### EXERCISE GOAL
Word-for-word repetition of the records below is needed, but only from the line holding "Кроссовки PUMA Fuse 2.0 модель 376151 Кроссовки" through the final line, with pictures excluded.

──────────

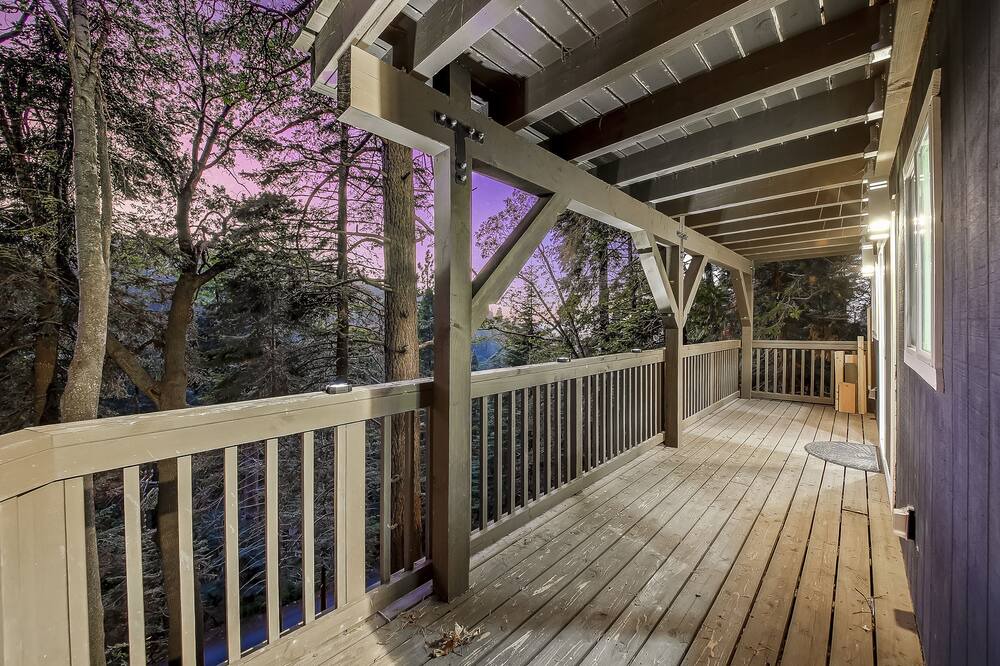 Photo of Others in Arrowhead Villas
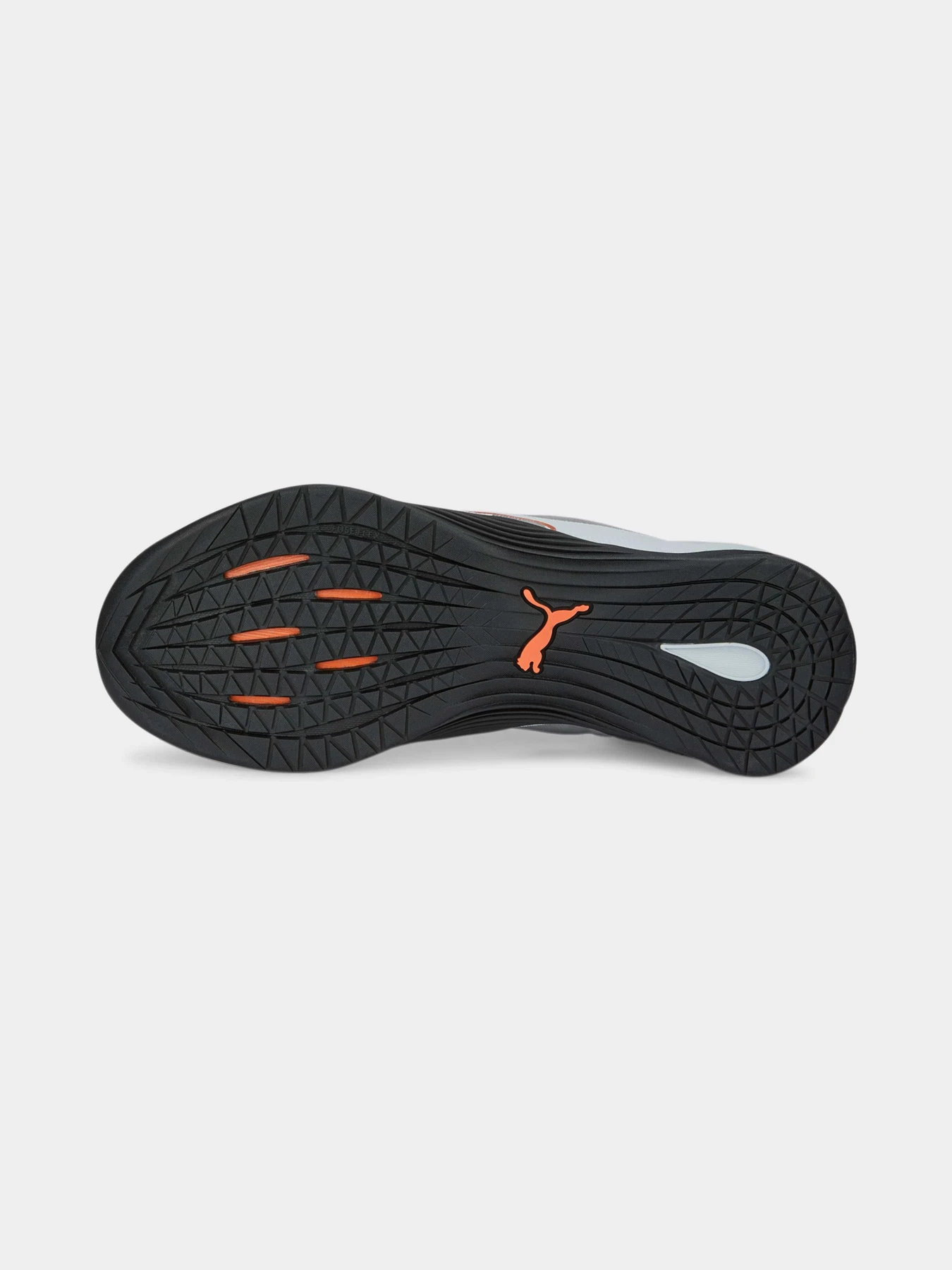 Кроссовки PUMA Fuse 2.0 модель 376151 Кроссовки PUMA Fuse 2.0 модель 376151 Фото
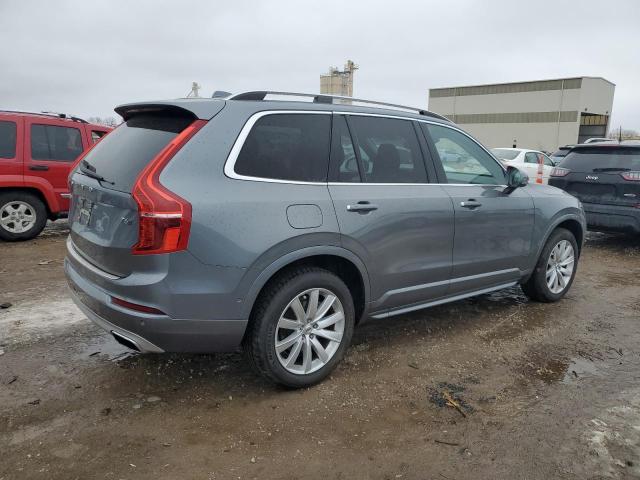 Photo 2 VIN: YV4A22PK3H1133002 - VOLVO XC90 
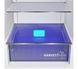 Холодильник Beko B5RCNA366HXB1 bPro500&nbsp;No Frost - 186,5 см з камерою свіжості
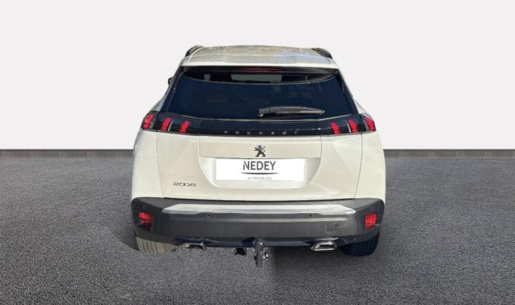agency.20826.vehicle.436226619683_196752708_hd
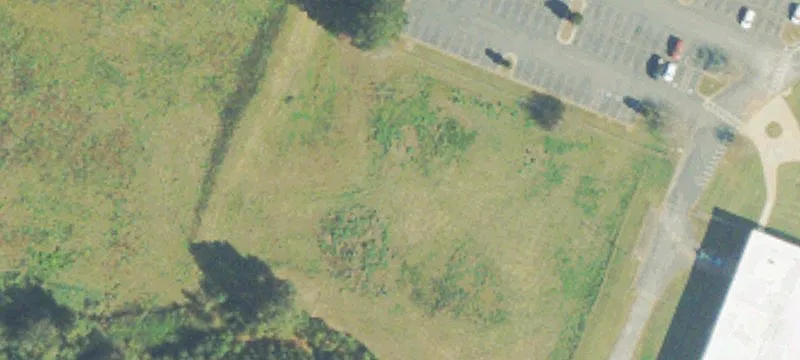 1225 Voyles Rd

──────────

### FINISHED TASK
 Кроссовки PUMA Fuse 2.0 модель 376151 Кроссовки PUMA Fuse 2.0 модель 376151 Фото
 Photo 2 VIN: YV4A22PK3H1133002 - VOLVO XC90 
 Холодильник Beko B5RCNA366HXB1 bPro500&nbsp;No Frost - 186,5 см з камерою свіжості
agency.20826.vehicle.436226619683_196752708_hd
 1225 Voyles Rd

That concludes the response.